[Collection entries]
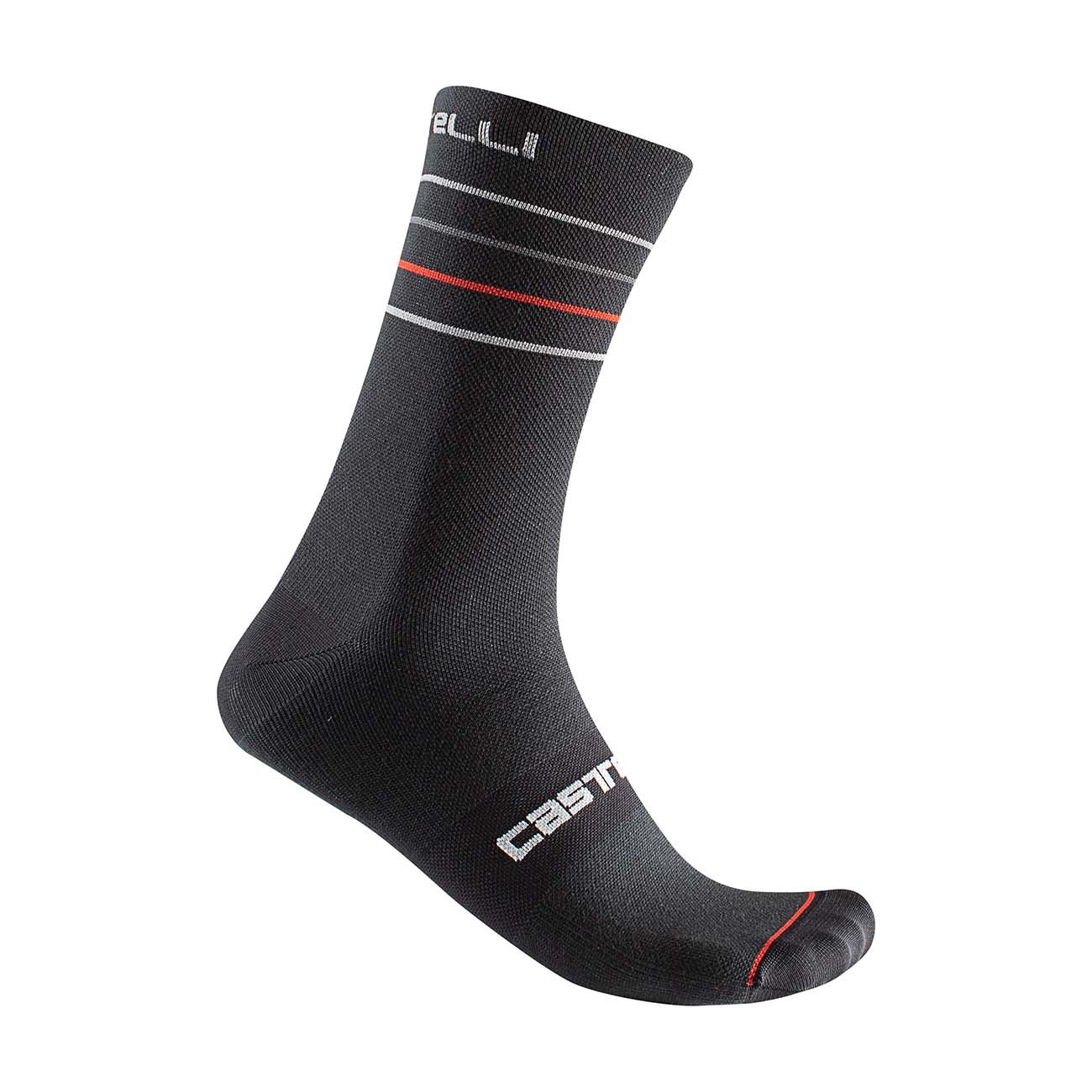 
                CASTELLI Cyklistické ponožky klasické - ENDURANCE 15 - černá
            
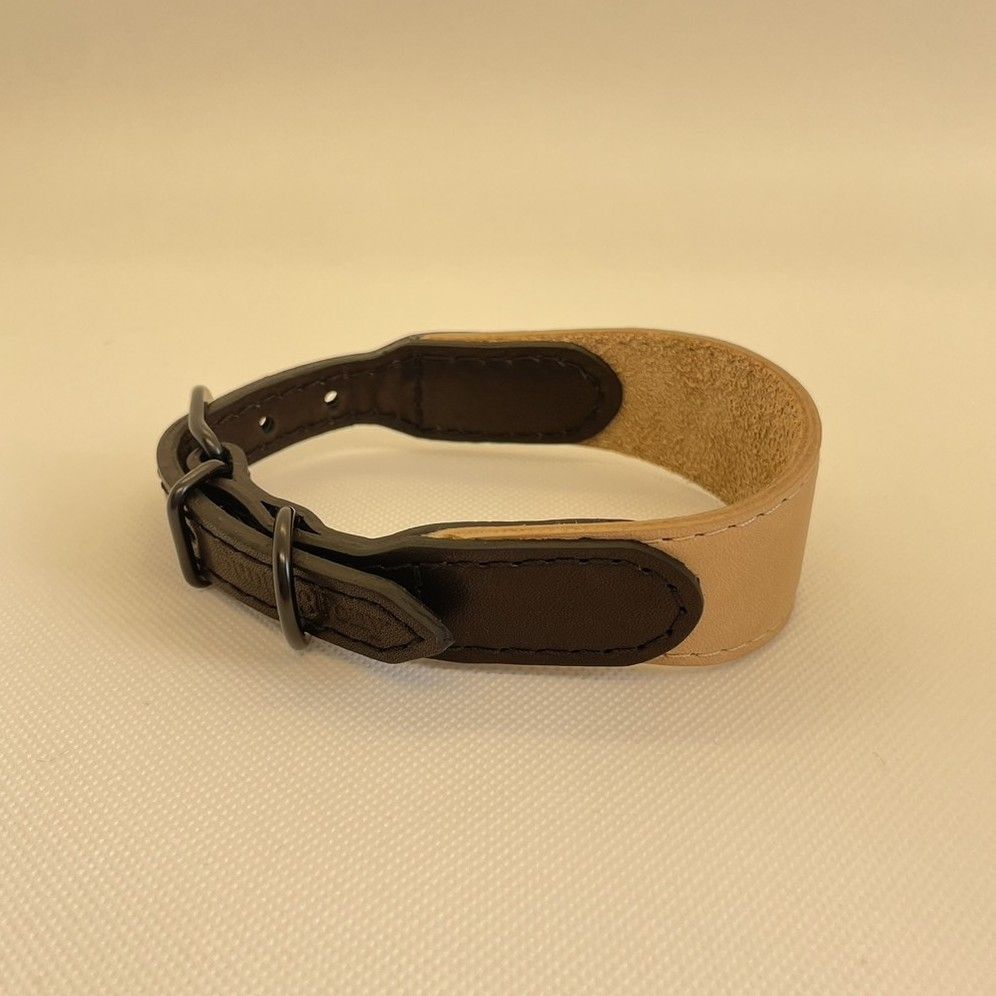 Hunting Pony 首輪 スキンベージュ×ブラック | HarrieBelle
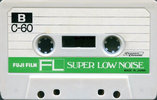Compact Cassette Fuji Film FL 60 Type I Normal 1971 Japan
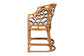 bali & pari Veneto Natural Rattan Counter Stool with Scalloped Back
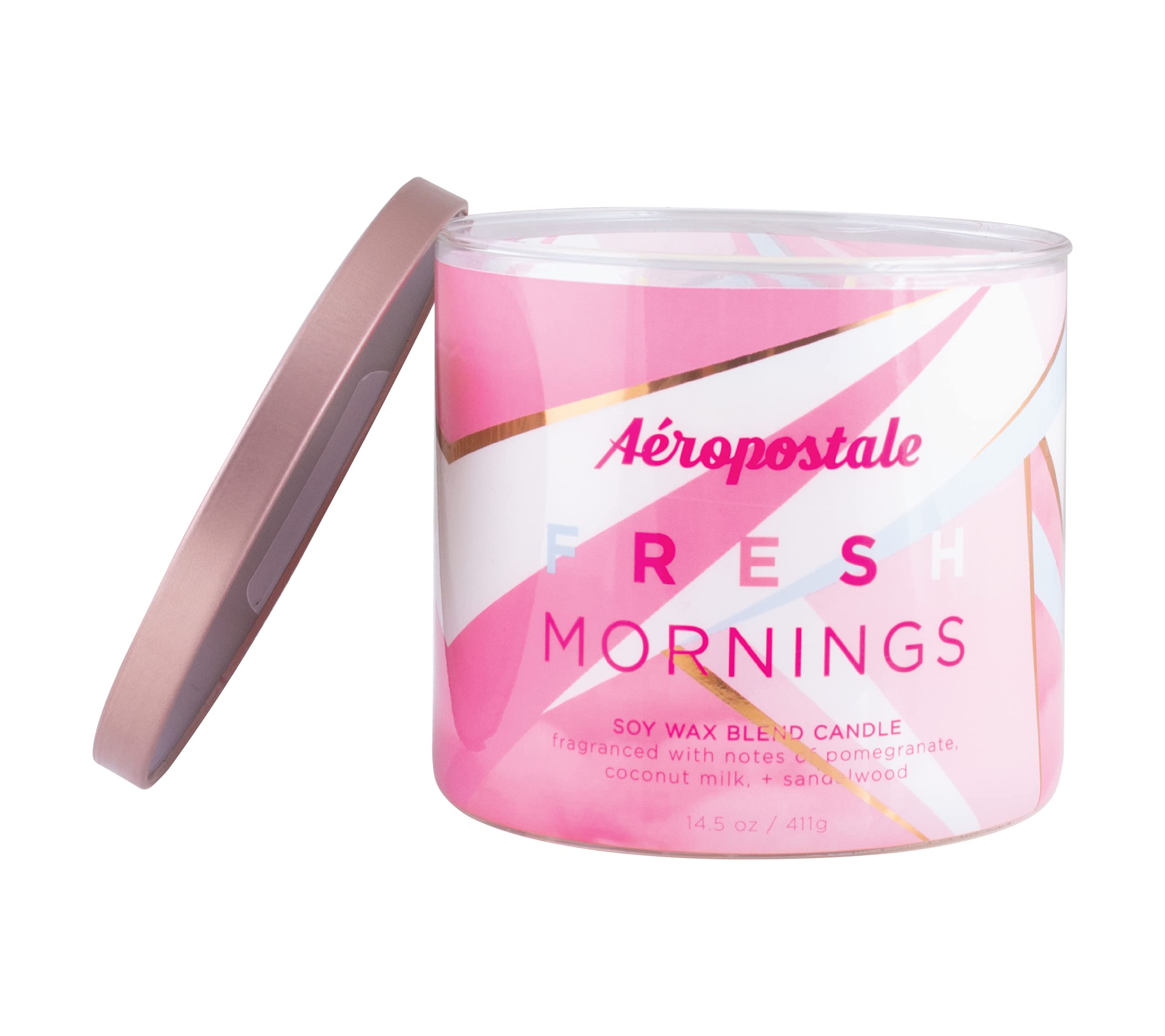 Vela Aromática Aeropostale Fresh Mornings Soy, 60 Horas De Combustión - Venta Internacional.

→ **PROBLEM DETAILS**: All lines from the one with "Compact Cassette Fuji" through the end of the records above must be reproduced exactly, both ends included, and the pictures must be left out.

→ **EXERCISE OUTPUT**:
Compact Cassette Fuji Film FL 60 Type I Normal 1971 Japan
 bali & pari Veneto Natural Rattan Counter Stool with Scalloped Back
 Vela Aromática Aeropostale Fresh Mornings Soy, 60 Horas De Combustión - Venta Internacional.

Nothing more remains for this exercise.